▶ [Task instructions] Pictures excluded, output the lines of the data below between the one holding "Rent daily my" and the one holding "ジャンク au　kyocela qua　tab", inclusive, exactly as they stand.
(Task material)
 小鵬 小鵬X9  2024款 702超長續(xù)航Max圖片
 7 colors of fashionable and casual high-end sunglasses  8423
(End Task material)
(Task material)
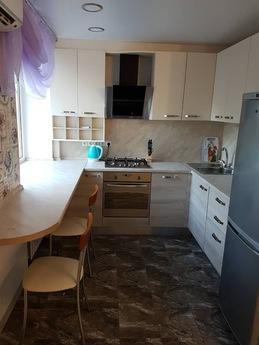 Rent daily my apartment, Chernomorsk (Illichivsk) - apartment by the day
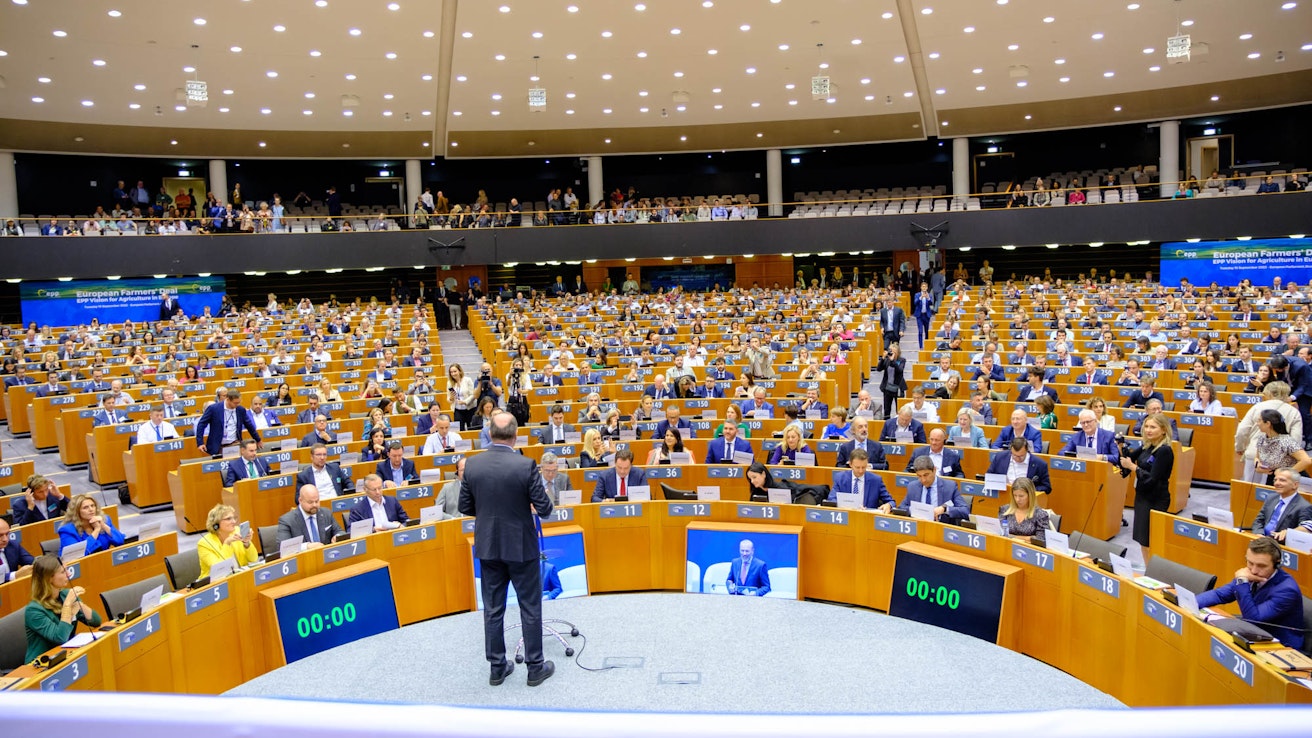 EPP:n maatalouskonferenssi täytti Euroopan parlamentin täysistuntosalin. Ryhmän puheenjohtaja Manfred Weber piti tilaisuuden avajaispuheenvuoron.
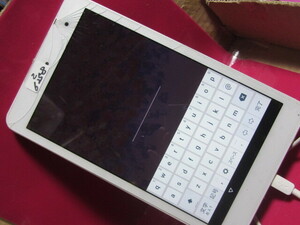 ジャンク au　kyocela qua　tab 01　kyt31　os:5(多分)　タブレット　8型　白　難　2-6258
(End Task material)
▶ [Task result]
 Rent daily my apartment, Chernomorsk (Illichivsk) - apartment by the day
 EPP:n maatalouskonferenssi täytti Euroopan parlamentin täysistuntosalin. Ryhmän puheenjohtaja Manfred Weber piti tilaisuuden avajaispuheenvuoron.
 ジャンク au　kyocela qua　tab 01　kyt31　os:5(多分)　タブレット　8型　白　難　2-6258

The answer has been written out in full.